Low net national savings lead to the need to compensate with a significant government budget deficit (there is no other solution according to balance formulas).
A large budget deficit means a greater need to attract new debt.
Net positive government borrowing of more than $2 trillion a year means that to attract investors to government bonds and bills, the interest rate on debt servicing must be raised more and more, which in turn increases the budget deficit.
And so the spiral goes down.
Of course, there are examples where the debt-to-GDP ratio is even worse than in the US. For example, Japan.
But in Japan, this phenomenon occurs amid a long (decades) period of negative interest rates and deflation. Investors buying government bonds actually pay the government, not the other way around.
Even now, the basic interest rate of the Japanese central bank is 0.5%, not 4.5% as in the US.
Debt servicing in America currently costs the federal budget about minus one trillion dollars.
It’s also important to relate debt growth to GDP growth.
GDP nominal growth is formed by two factors: real economic growth and the inflation component (GDP deflator).
At the moment, both the first indicator of nominal GDP growth (real economic growth) and the second (deflator) are significantly slowing down.
The first reason is the cooling of the American economy, the second — the Federal Reserve’s monetary policy and the decrease in inflation.
Trump submitted a “beautiful and big law” to Congress.

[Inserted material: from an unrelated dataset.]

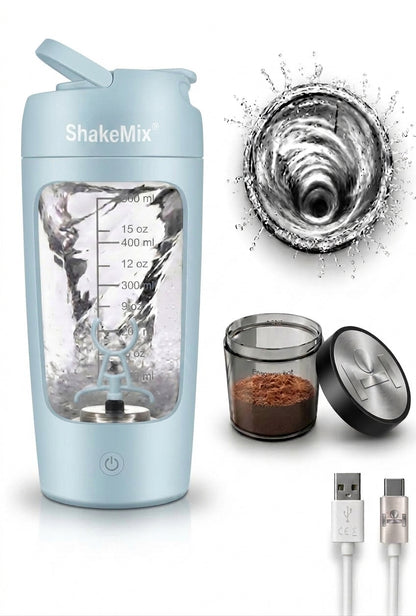 ShakeMix® Shaker Eléctrico para Proteína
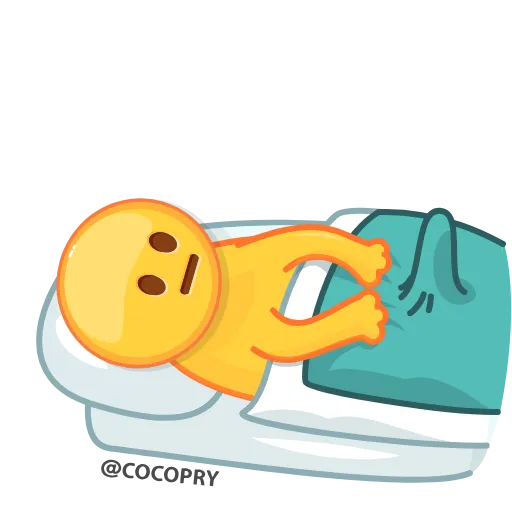 ❤️ Стикер «Эмодзи» для Telegram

It really is big — nearly 1,000 pages.
But as for the “beauty”…
The bill provides for raising the US government debt ceiling by $5 trillion.
This amount will be enough for 2025, 2026, and 2027 — if they cut spending.
After that, Trump plans to reduce the federal budget deficit in the US from 6.6% of GDP to 2-3%, i.e., by half.
As we see on the chart, the maximum deficit of government savings in the US occurred in Q1–Q2 2021 — overcoming the consequences of the coronavirus pandemic.
Then, the government savings deficit sharply decreased and by Q1–Q2 dropped below the $1 trillion mark. But from Q3 2022 — a sharp rise, reaching almost $2 trillion.
This cost the Democrats the election victory.
At the moment, Trump has achieved several intermediate results.
One of them — the balances on US Treasury accounts have somewhat increased, and the federal budget, based on two quarters of 2025, is in surplus for the first time: $60 billion due to increased tax revenues (import tariffs) and $40 billion due to spending cuts.
But the surplus situation is fragile.
Overall, the stakes in American politics are extremely high now.
The question is who will “conditionally” win in the dispute between Trump and Musk. Here, the personalities matter less than the forces behind them (Musk, as is known, criticizes Trump’s bill, calling to stop government debt growth by sharply cutting the spending side of the budget).
If Trump’s model of external tariffs and internal tax incentives wins (shifting taxation emphasis from domestic producers to imported goods) — the conservative wing of the Republicans, MAGA, and J.D. Vance — the next US president — will win.
If Musk’s model of total tax and budgetary restrictions wins (or rather, if he proves his point and his prophecy of a US debt crisis is at least 5% justified) — the technocratic elites, technocratism, and the “Technological Sparta” with a new model of “meritocracy democracy” will win as the third political force in America, the emergence of which we are now witnessing.
So the stakes are very high.
Harris and the Democrats could also “win.” But then for the US, this would be akin to electing Gorbachev and “perestroika” in the late USSR.
That is why all moral appeals to Trump from our side will have no response.
“Washington doesn’t believe in tears.”
Trump needs a business plan, or he will reduce geopolitical “investments” to the level of a “project freeze.”
Unfortunately, all the theses of our experts that “$100 billion aid to Ukraine is pocket change for the US since it’s only 0.3% of US GDP” turned out to be untenable.
In America, this position doesn’t work. It’s like asking a billionaire for $100,000 (even for a good cause) because it’s “pocket change” for them.
A geopolitical business plan is needed. Maybe not highly profitable, but above all — realistic.